Brief descriptive captions
*** Block opens ***
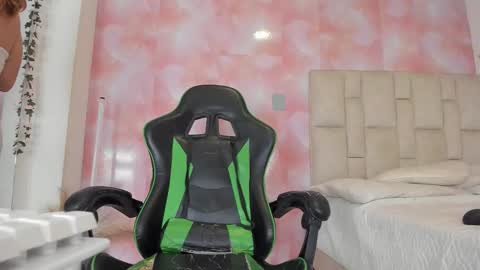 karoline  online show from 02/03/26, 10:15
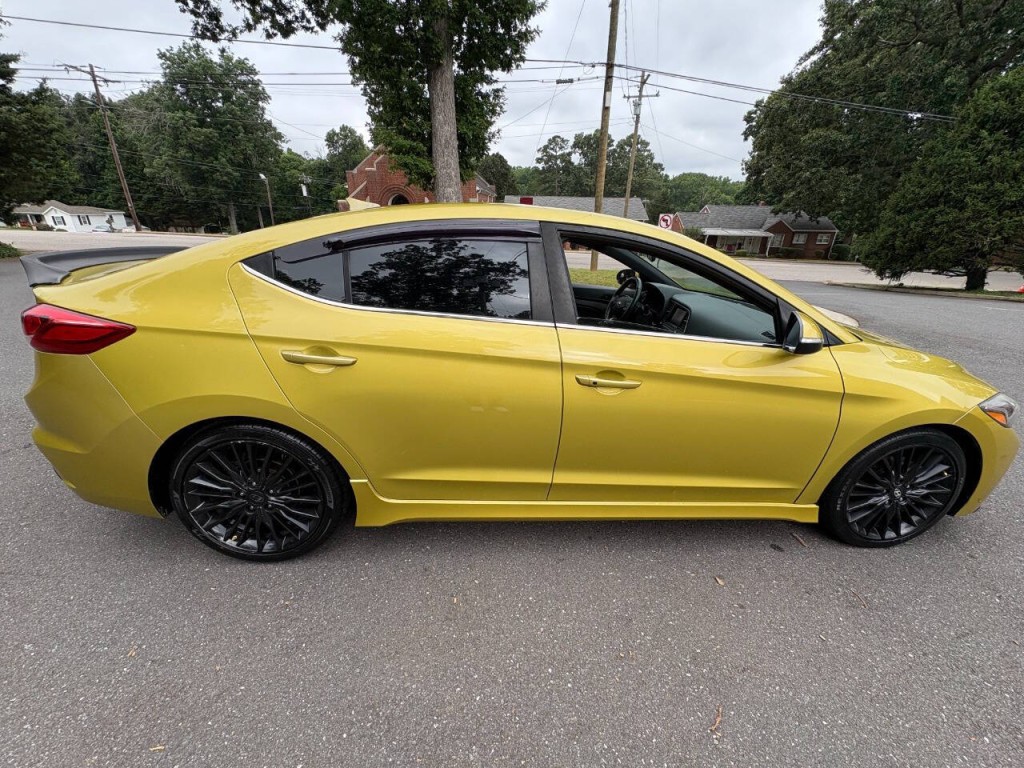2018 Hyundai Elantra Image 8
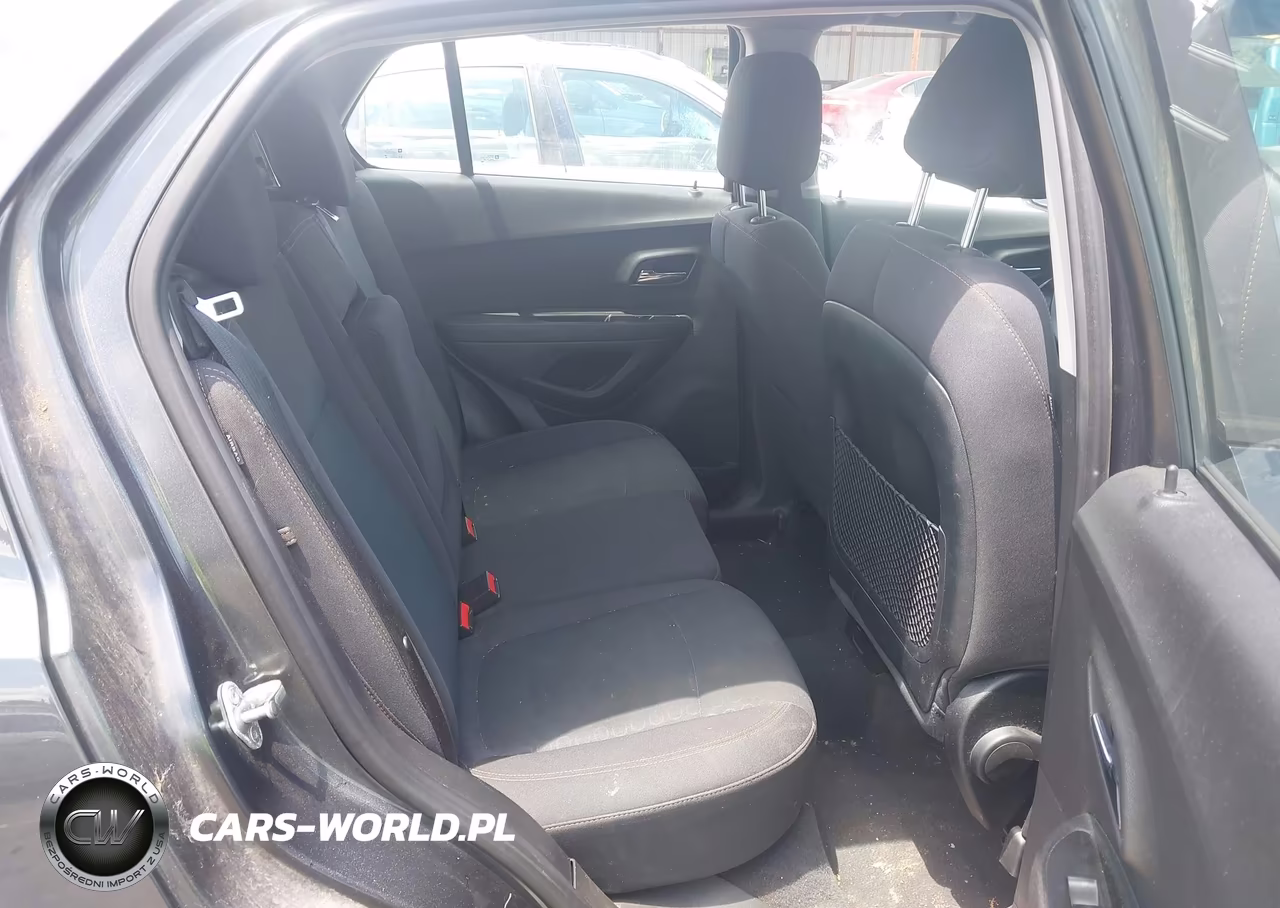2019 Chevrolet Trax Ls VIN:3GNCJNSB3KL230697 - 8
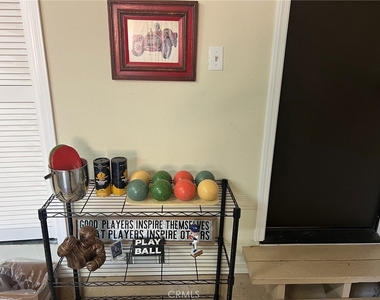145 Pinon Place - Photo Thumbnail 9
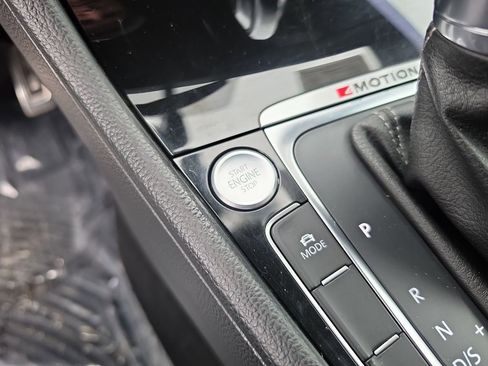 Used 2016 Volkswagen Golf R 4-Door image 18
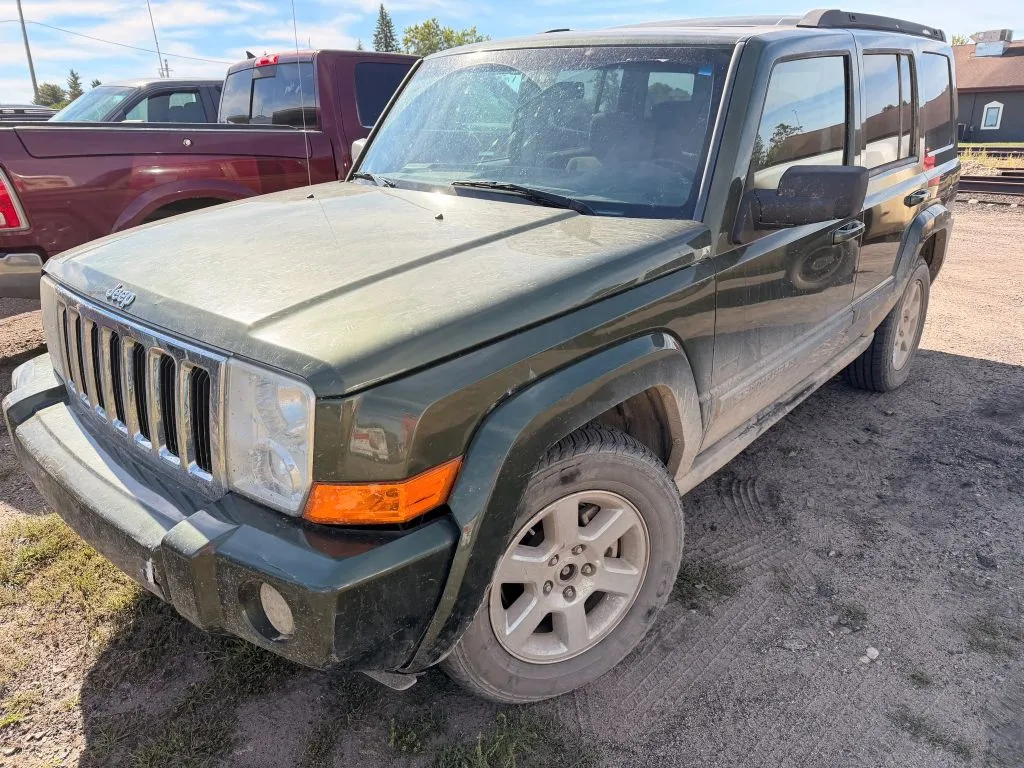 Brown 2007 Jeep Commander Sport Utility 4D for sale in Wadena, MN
*** Block closes ***
All of the entries need to be copied exactly, minus any pictures.

 karoline  online show from 02/03/26, 10:15
2018 Hyundai Elantra Image 8
2019 Chevrolet Trax Ls VIN:3GNCJNSB3KL230697 - 8
145 Pinon Place - Photo Thumbnail 9
 Used 2016 Volkswagen Golf R 4-Door image 18
 Brown 2007 Jeep Commander Sport Utility 4D for sale in Wadena, MN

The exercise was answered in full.